#### TO DO:
Within the lines below, the span from the line with "Page 1 of doujinshi 遵命！我的公爵大人" to the line with "孤獨搖滾喜多鬱代四面透布丁鍵", both ends included, is to be reproduced exactly, with pictures omitted.

#### INPUT DATA:
------------------------------------------------------------

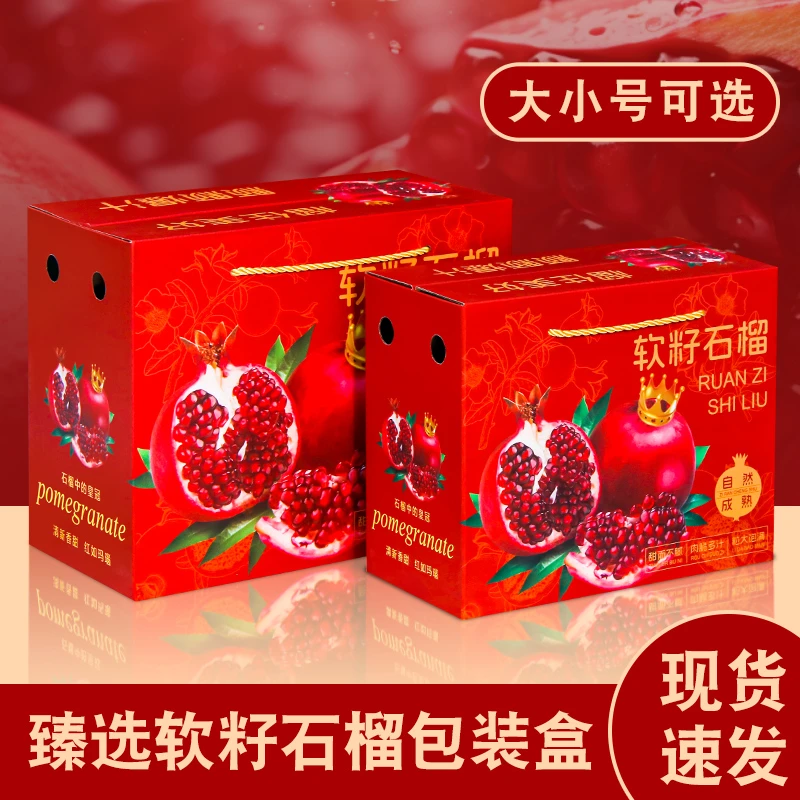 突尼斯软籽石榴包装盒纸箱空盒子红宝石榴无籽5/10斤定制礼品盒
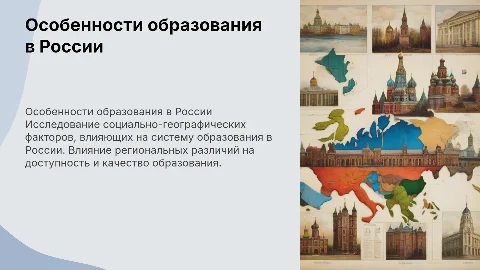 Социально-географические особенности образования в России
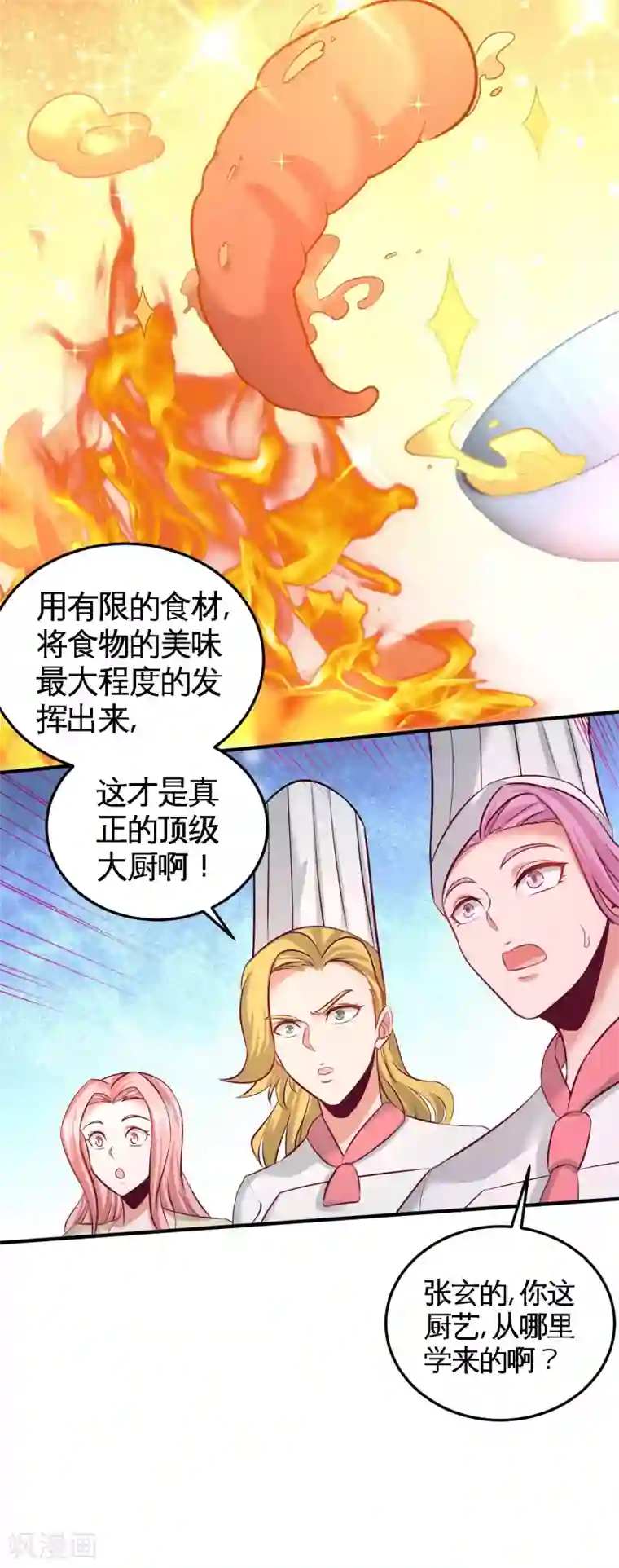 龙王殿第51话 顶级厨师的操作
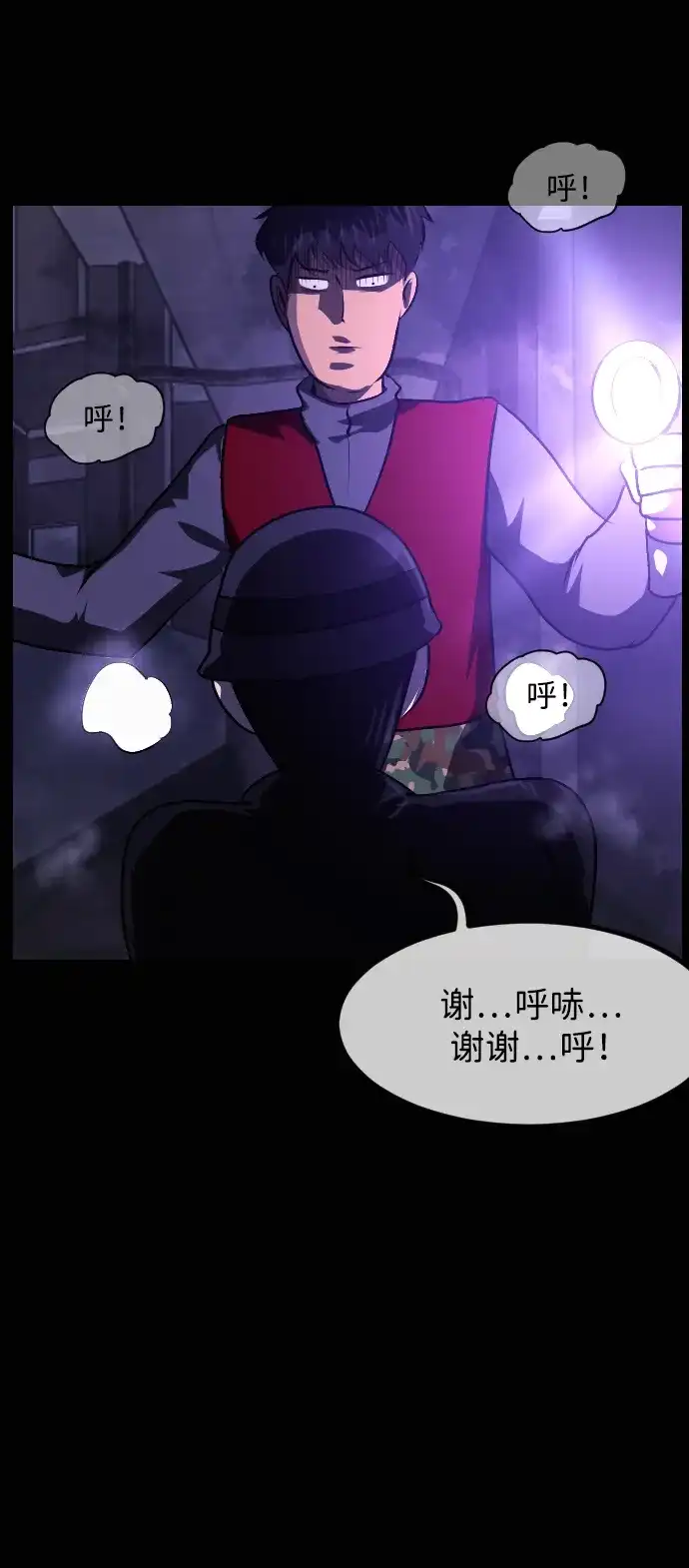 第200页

------------------------------------------------------------

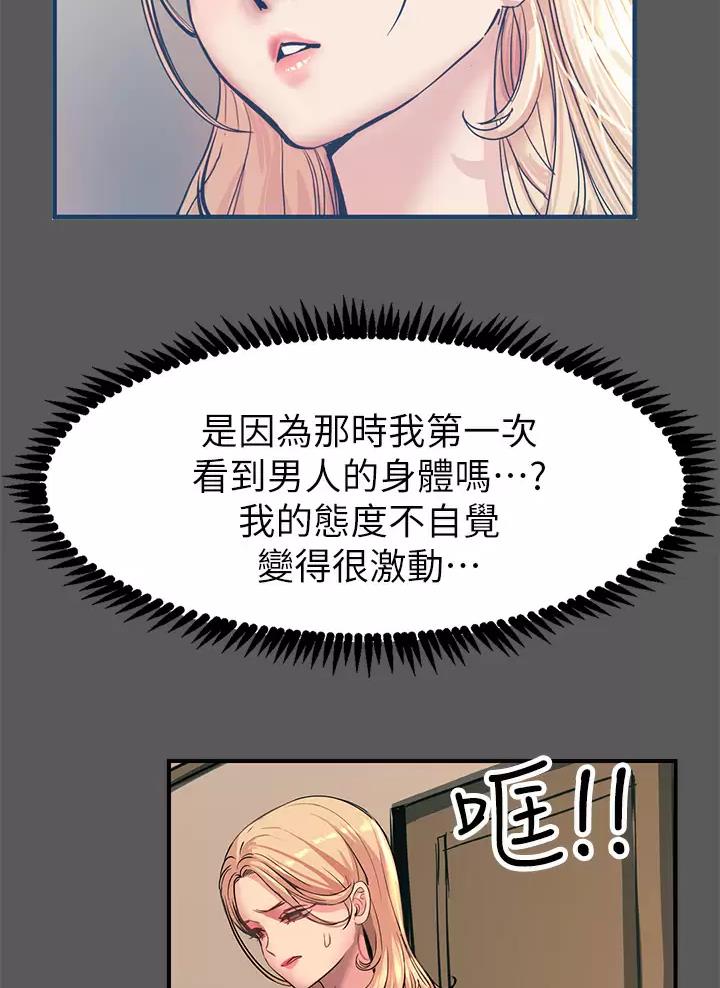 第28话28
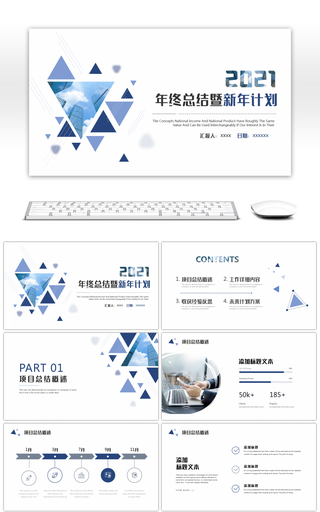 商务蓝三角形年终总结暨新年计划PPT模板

------------------------------------------------------------

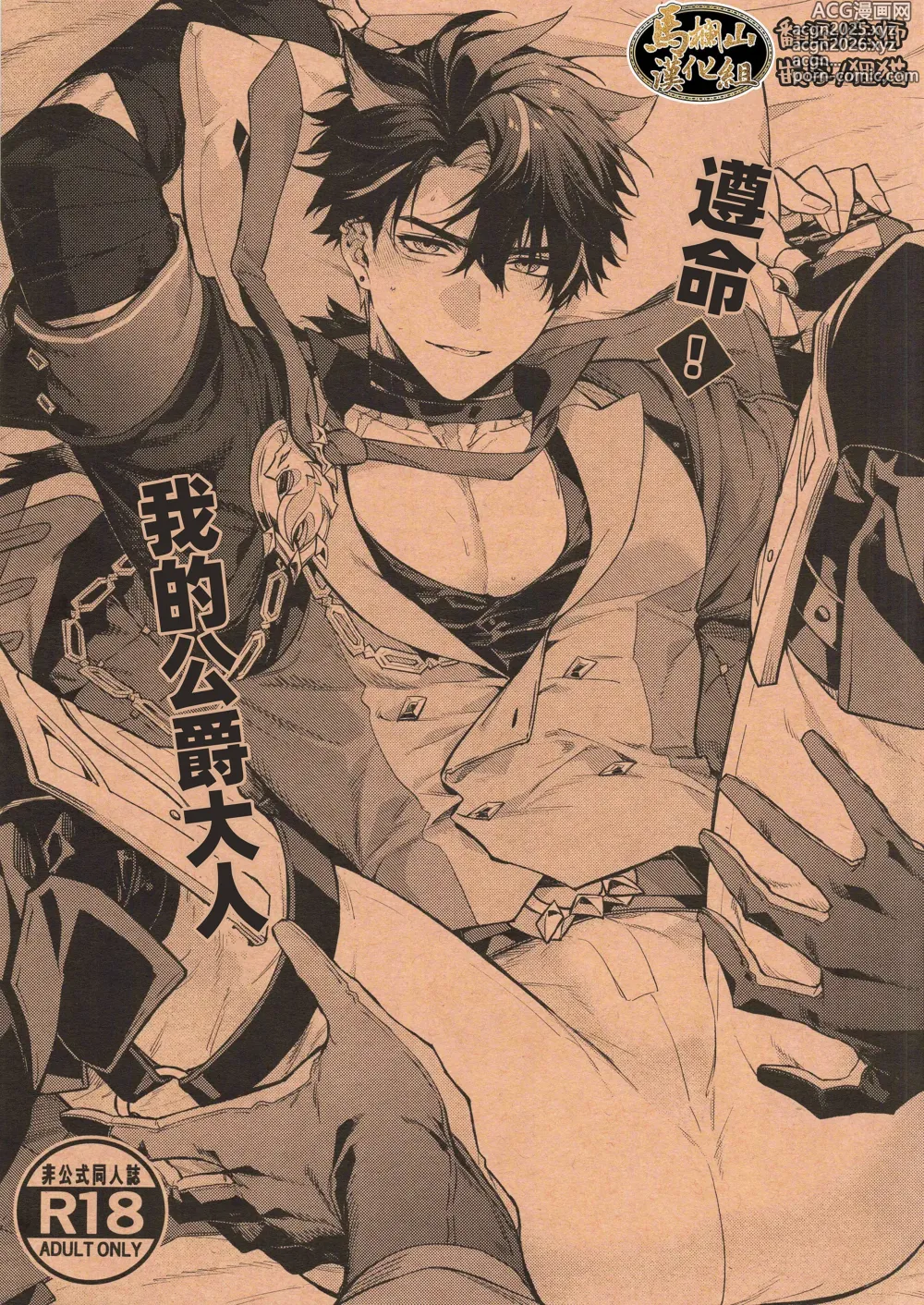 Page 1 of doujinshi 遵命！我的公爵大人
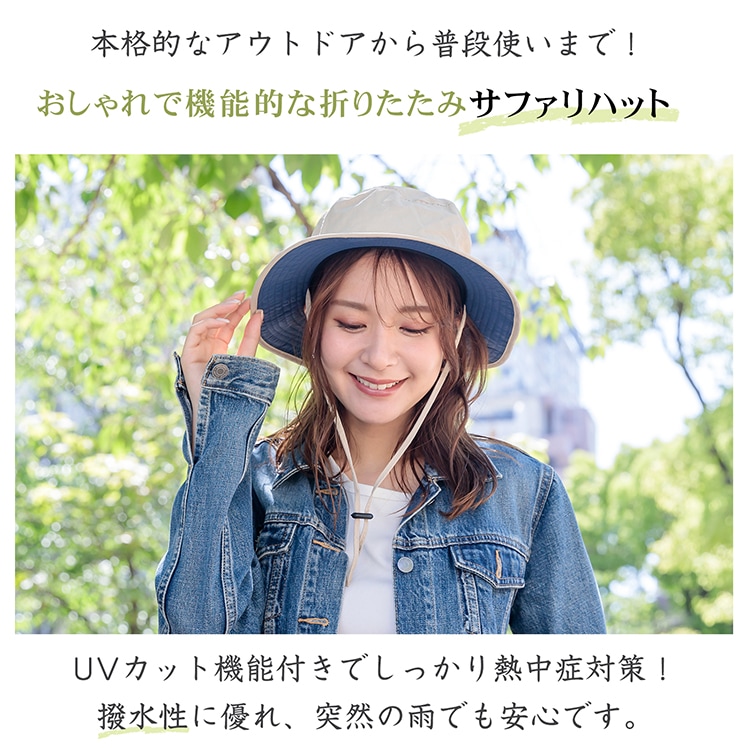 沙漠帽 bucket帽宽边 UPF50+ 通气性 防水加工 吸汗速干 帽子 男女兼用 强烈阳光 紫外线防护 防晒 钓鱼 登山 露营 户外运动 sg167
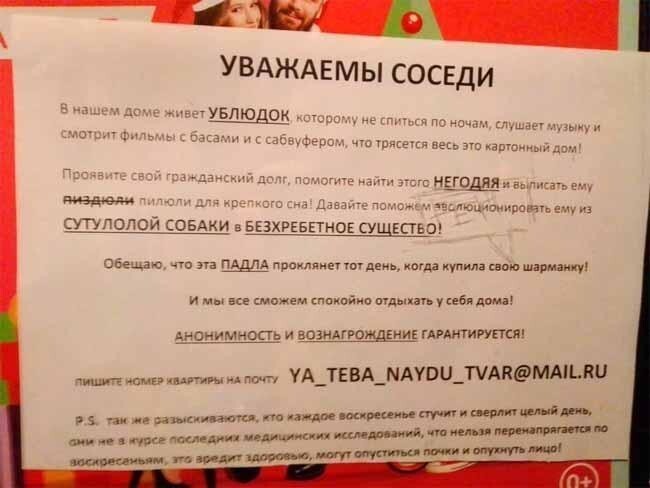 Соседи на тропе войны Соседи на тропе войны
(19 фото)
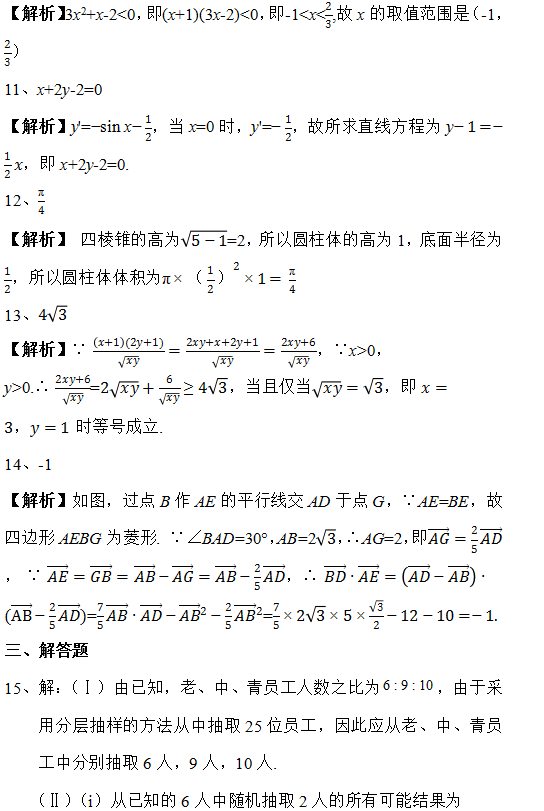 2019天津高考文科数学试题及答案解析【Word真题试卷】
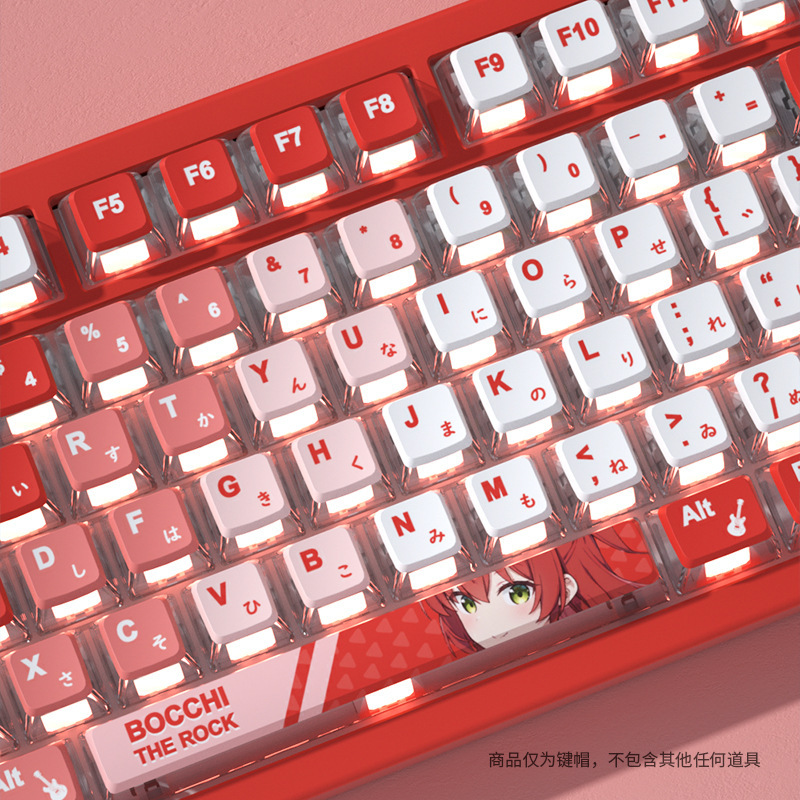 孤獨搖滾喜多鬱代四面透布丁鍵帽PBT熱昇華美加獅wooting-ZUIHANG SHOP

------------------------------------------------------------

#### PROBLEM SOLUTION:
 Page 1 of doujinshi 遵命！我的公爵大人
 沙漠帽 bucket帽宽边 UPF50+ 通气性 防水加工 吸汗速干 帽子 男女兼用 强烈阳光 紫外线防护 防晒 钓鱼 登山 露营 户外运动 sg167
 Соседи на тропе войны Соседи на тропе войны
(19 фото)
 2019天津高考文科数学试题及答案解析【Word真题试卷】
 孤獨搖滾喜多鬱代四面透布丁鍵帽PBT熱昇華美加獅wooting-ZUIHANG SHOP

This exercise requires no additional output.